New Data About Northern and Arctic Climate Needed to Understand Climate Change

Novel data from the Artic and The North is needed to understand the changing climate. European, Russian and Chinese scientific leaders and researchers in climate issues gathered only recently in Helsinki, Finland for a conference on the Pan-Eurasian Experiment (PEEX).

“Global warming and other comparable ecosystem changes have dramatic effects in the Arctic and the Boreal regions. These are the regions which we have very little information on”, says the primus motor of the PEEX programme, Academy Professor Markku Kulmala.

PEEX is a multi-disciplinary, multi-decadal research programme for the Northern and the Arctic areas. It mostly involves basic research in the natural sciences, but is also expected to produce concrete and technical solutions for environmental problems. Since climate models are still in many respects incomplete, PEEX is intended to fill these gaps in our knowledge.

”In addition”, says Kulmala, “we want to support the people whose livelihoods and culture are threatened by climate change. Their adaptation to the changes can be helped for example by improving devices and systems for early warning on extreme weather.”

A chain of research stations from Scandinavia over Siberia to China

In order to understand the couplings between the atmosphere, the vegetation and the soil, measurement data with high regional coverage is required. The same applies to understanding feedbacks between climate and society. These data can be obtained, for example, from observation stations, or using remote sensing equipment such as satellites.

Therefore, one of the goals of PEEX is to build and equip an extensive chain of observation stations from Scandinavia, over Siberia, to China. In the early stage of this subproject, the plan is to focus on technical improvement and harmonizing of the existing observation stations, like the ones in Tiksi and Tomsk. The compatibility of all the stations of the planned network is of high importance.

Hundreds of physicists, chemists and bioscientists have participated in creating the PEEX programme. If the planned network of observation stations is realized, engineers, construction and logistics professionals will be needed, as well.

“A multi-disciplinary programme such as PEEX can only be carried out with the support of several governments,” says Professor Sergej Zilitinkevich from the Finnish Meteorological Institute. Along with Kulmala, he is one of the driving forces of the PEEX programme.

”We hope that also the business community, individual companies and civil society will participate in PEEX”, Zilitinkevich adds.

Several world-wide science organizations like IIASA (International Institute for Applied System Analysis) and IEAS (the International Eurasian Academy of Sciences) have already joined PEEX.

An investment comparable to CERN

The scale and possible results of the PEEX project can be compared to the founding of the European particle physics research center CERN 60 years ago.

”The total cost of PEEX will be hundreds of millions of euros. Building a single observation station costs about twenty million euros, and then the maintenance and personnel costs are not included. CERN was also, and still is, a huge investment, but then, it has produced more than expected – both in terms of scientific criteria, and in terms of commercial applications”, reminds Kulmala.

"In PEEX, we are truly charting the unknown. We only have an inkling about atmospheric phenomena on the molecular and atomic scales, and often not even that. And perhaps we are not even asking the right questions, yet."

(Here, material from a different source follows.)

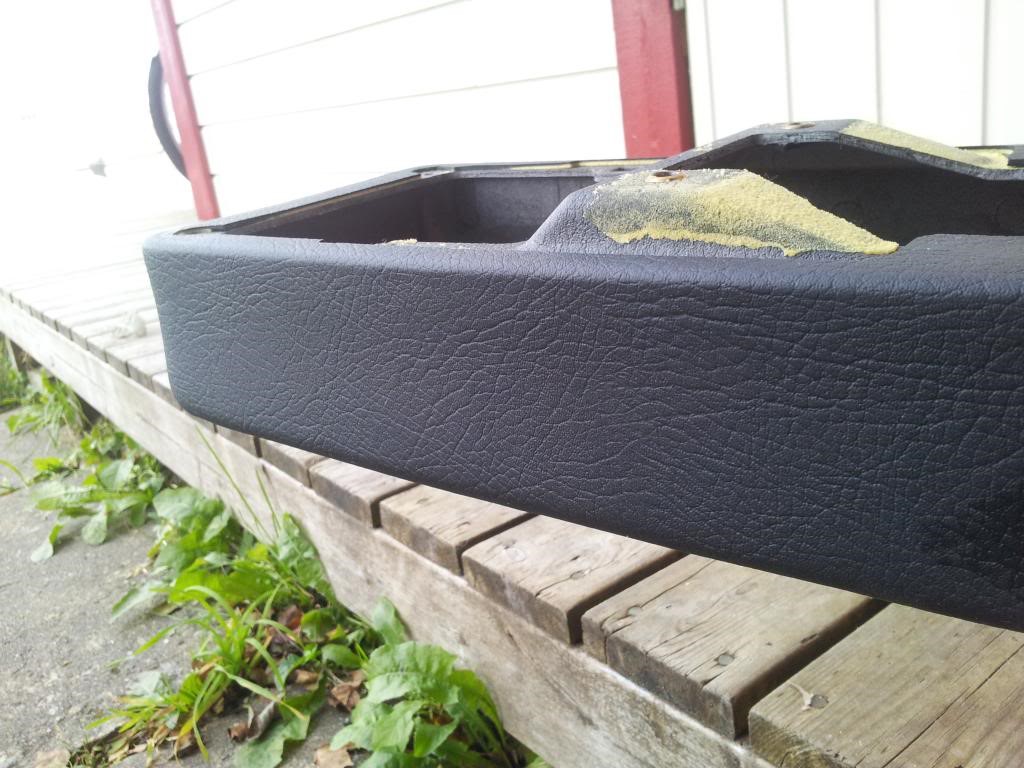 20130929_120724_zpscf8b32eb.jpg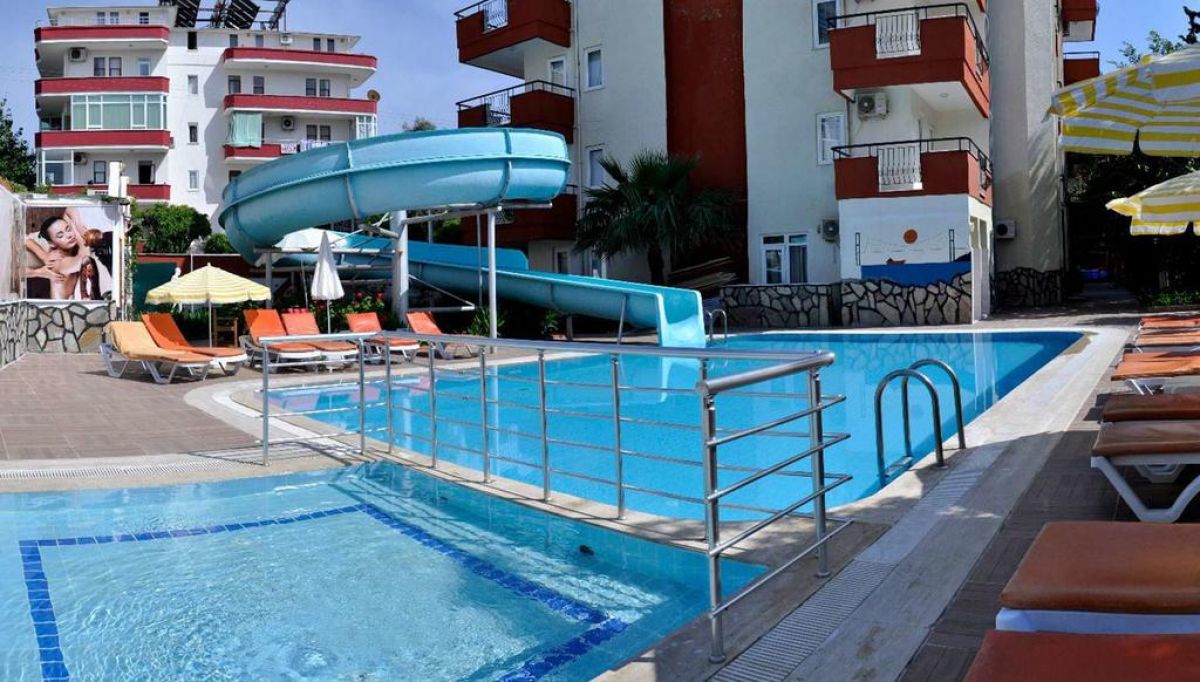 Solis beach ex holiday line club family. Solis Beach Hotel 3 Турция Аланья. Solis Beach (ex. Holiday line, Club Family Garden) 3*, Турция, Алания. Solis Beach Hotel 4 Алания. Отель Alanya Beach 3*.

The atmospheric science research group led by Kulmala has already achieved a lot: Markku Kulmala is the world's most highly cited geoscientist, and many of the results of his group have been published in journals such as Science and Nature.

The group has built five observation stations in Finland. The most famous one is located in Hyytiälä. In addition, one station has been constructed in Järvselja in Estonia, and another in Nanjing in China. The observation stations are high-technology laboratories placed in the field in order to measure material and energy flows in the environment, such as radiation or the exchange of gases by plants.

Building on its’ basic research, Markku Kulmala’s group has also developed industrial applications such as particle counters.

Kulmala's group includes physicists and chemists, as well as biological and social scientists, from all over the world. Kulmala himself works as a professor of physics at the University of Helsinki.